I just discovered this forum last night and have already found it very helpful. I am looking into starting an in home small silk screening business. Since I have never done printing before I have been having some trouble finding out a ballpark figure to estimate the ink costs per shirt. I understand it will depend on the size and complexity of the design but I need at least a ballpark figure. 

So for example I have an 8oz container of black ink, approximately what amount of ink would I be looking at for about a 10-12"x12-14" design? 

Like I said I know it all depends on size, etc but at least a ballpark would help. An ounce, two ounces, etc. This would really help me in determining my bottom line.
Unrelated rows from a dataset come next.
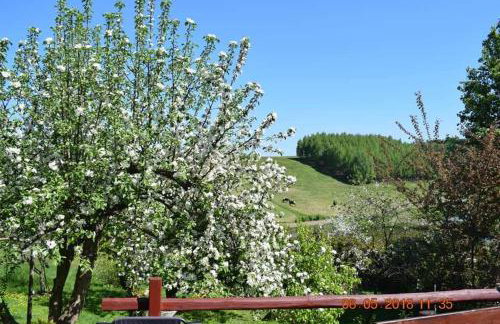 Agrowczasy u Bartka - Foto 3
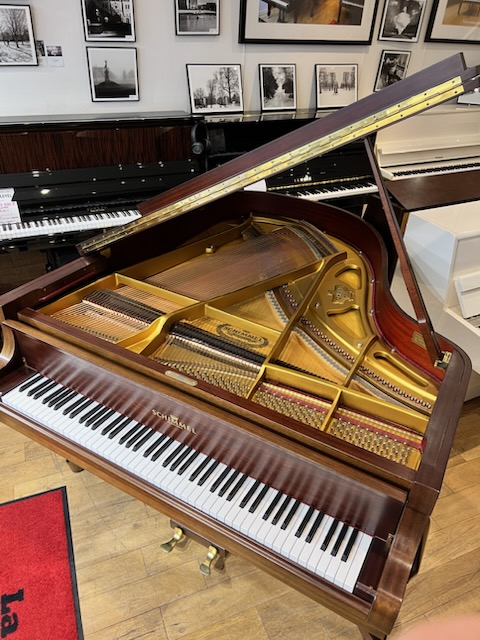 SCHIMMEL - 174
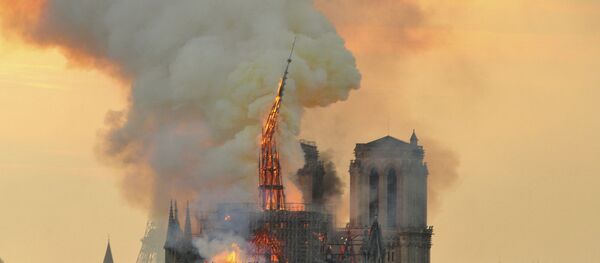 Notre Dame Katedrali - Sputnik Türkiye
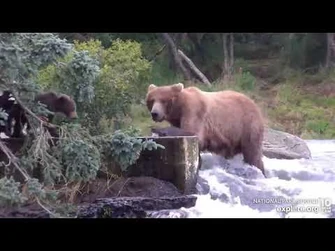 402_is_such_a_good_momma_-_keeps_checking_on_cubs_Brooks_Falls_Low_cam_Explore.org_8-5-2022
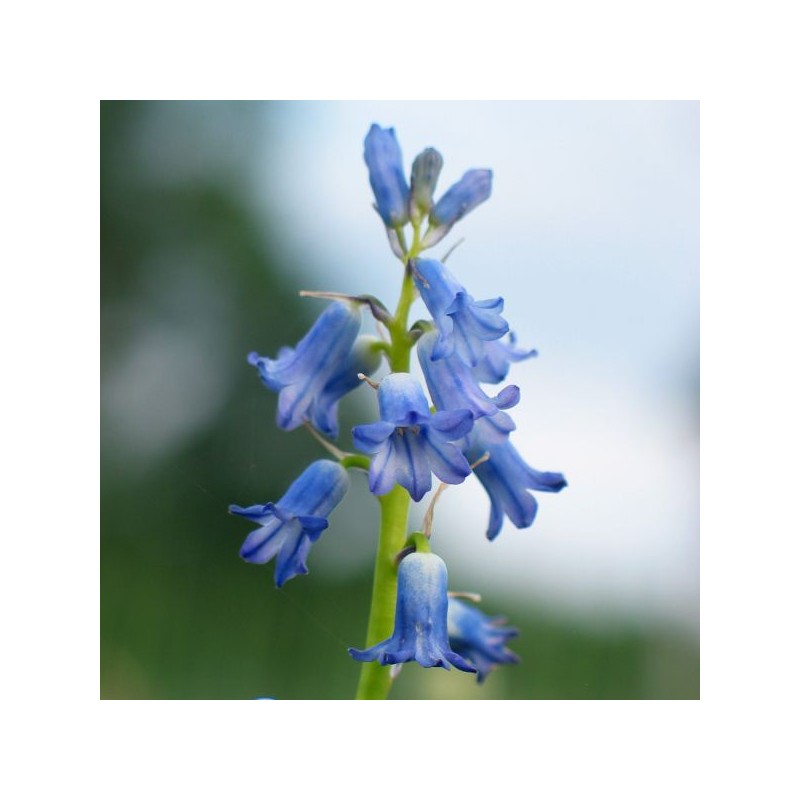 Brimeura amethystina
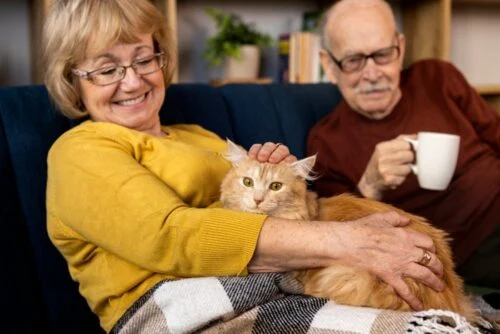 Bonus cani e gatti 2025 approvato: i requisiti per risparmiare sulle visite veterinarie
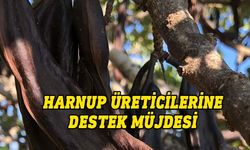 Harnup üreticilerine kilo başına 10 TL destek primi ödeniyor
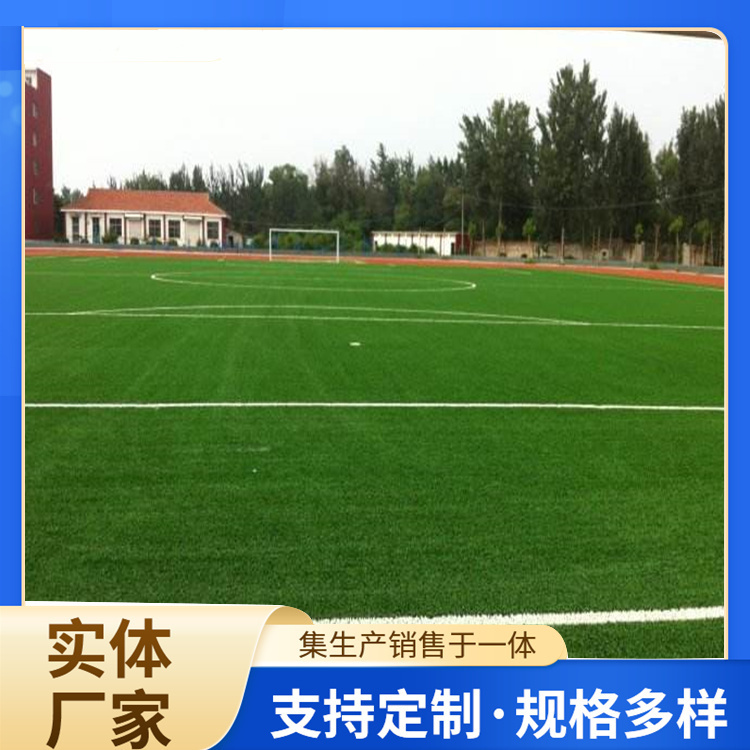 新乡市人造草坪人造草坪 - 价格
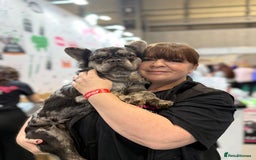 French Bulldog dogs for sale: Beautiful Long Haired Merle Male - Image 3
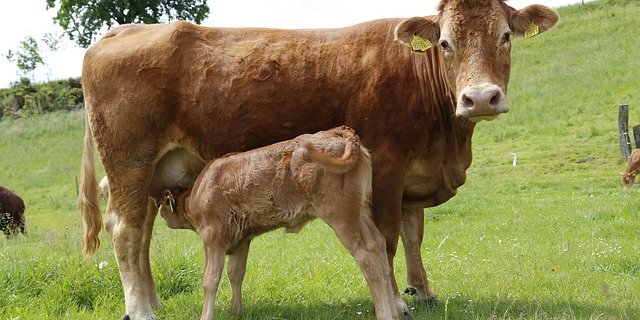 (Bild lid/ji)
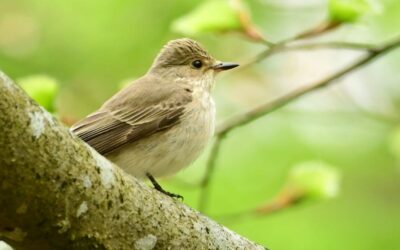 Spotted Flycatcher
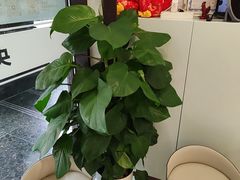 -维乐口腔·埃齐门诊(静安店)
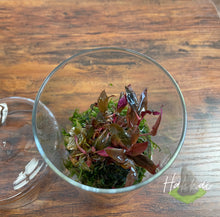 Load image into Gallery viewer, Wabi-Kusa Aquascape Workshop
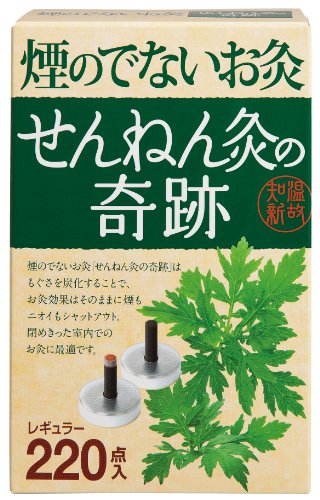 煙のでないお灸 せんねん灸の奇跡 レギュラー 220点入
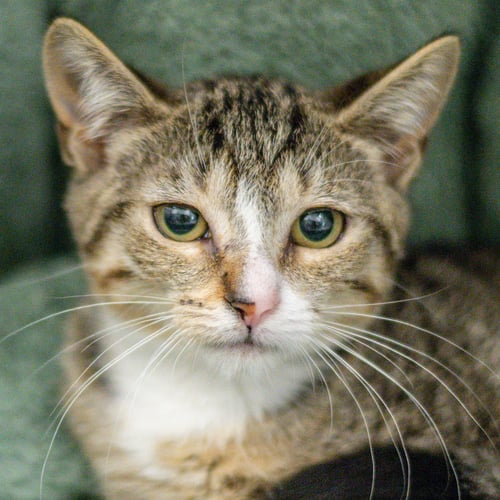 BAILEIGH - Domestic Short Hair available for adoption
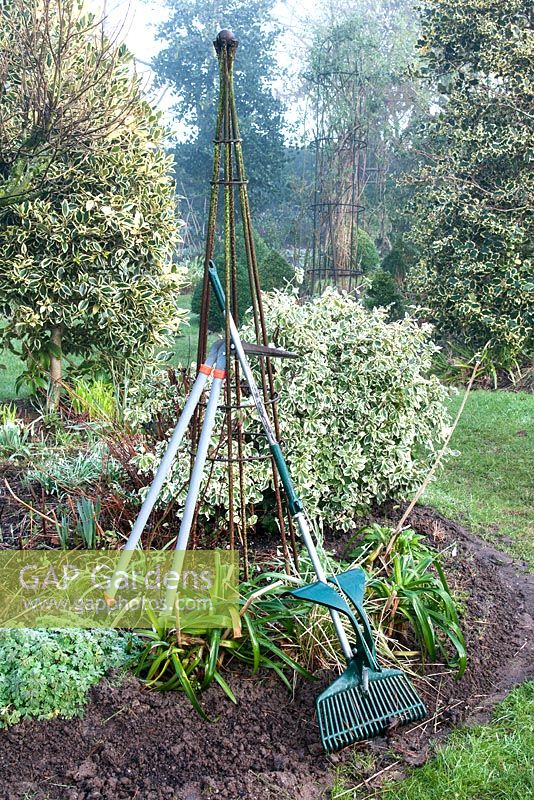 Garden in winter with garden tools resting against metal obelisk in flowerbed with Ilex Galanthus Dicentra and Euonymus fortunei at 'Weeping Ash', Cheshire, February
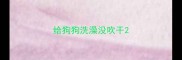 给狗狗洗澡没吹干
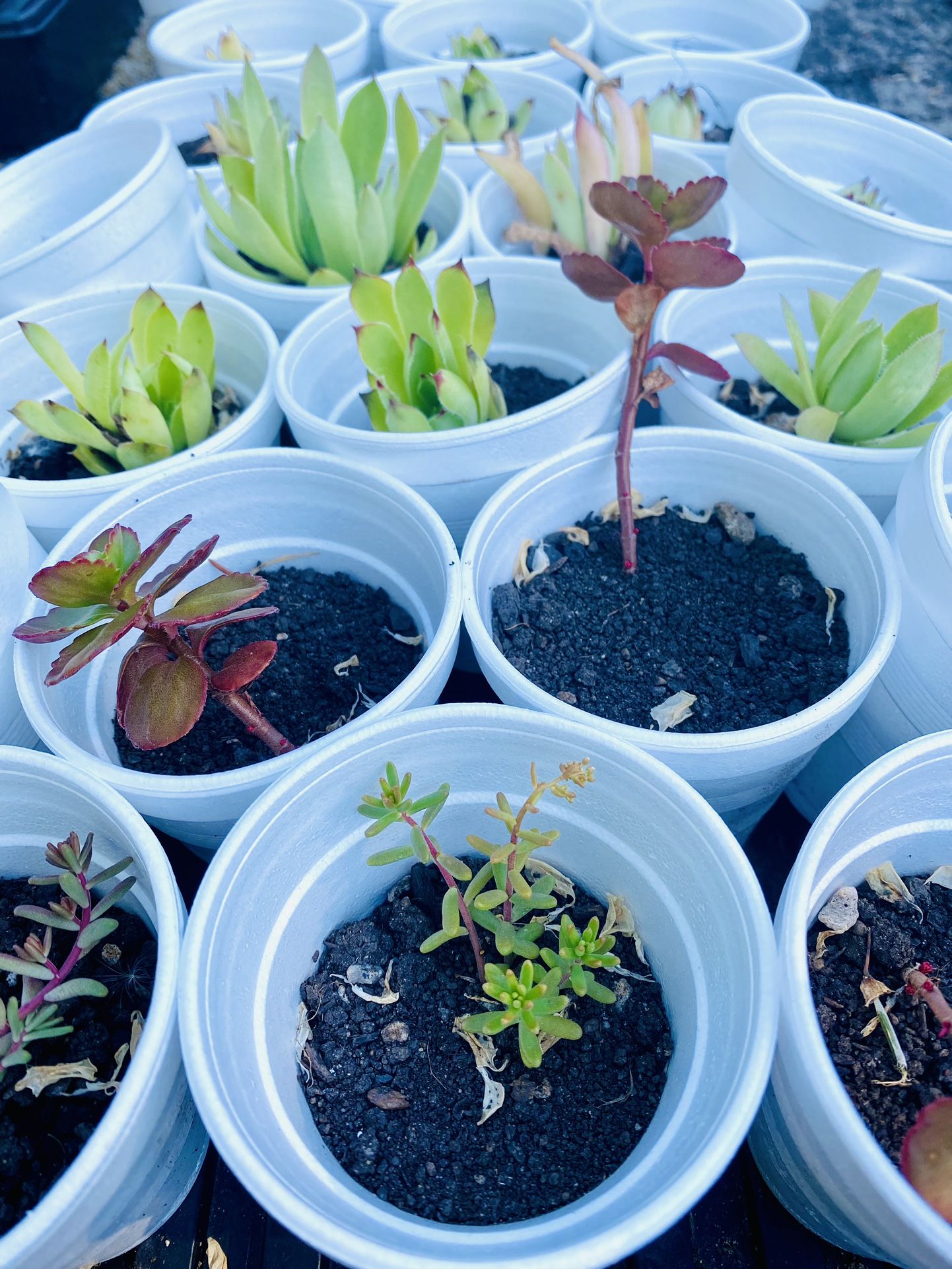 Succulent Plant Starters Starts Indoor Outdoor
Thanks and I look forward to participating here and hope to get the business up and running ASAP.


----------



## out da box (May 1, 2007)

It's really cheap- thus the efficiency of the screen print process. Pennies per print.


----------



## Leadfoot (Sep 10, 2009)

So would you say an 8oz jar of ink would do approximately 24 prints? More? Less? Again, I understand it all depends on size, etc.


----------



## InkedApparel (Mar 18, 2009)

an 8oz jar would last for quite a few shirts...example..I did a 250 shirt order ..the design was text ..the name of a company vertically from the shoulder to the waist on the left side..the size of the text was 3 inches wide by 15 inches long...so I bought a gallon of ink.....I used 1 full knife full of ink out of the gallon..so 8oz of ink will last at least 200 shirts.....

Inked


----------



## Leadfoot (Sep 10, 2009)

Really? 8oz will go that far? I had no idea, like I said I am completely new to this with zero experience.


----------



## polarbear (Jan 31, 2008)

Leadfoot said:


> Really? 8oz will go that far? I had no idea, like I said I am completely new to this with zero experience.


It also depends on if you are doing all those shirts in one run or if you are doing a few here and a few there. You lose some ink when cleaning up your screens so if you were only doing a few here and there your number of shirts would be less.


----------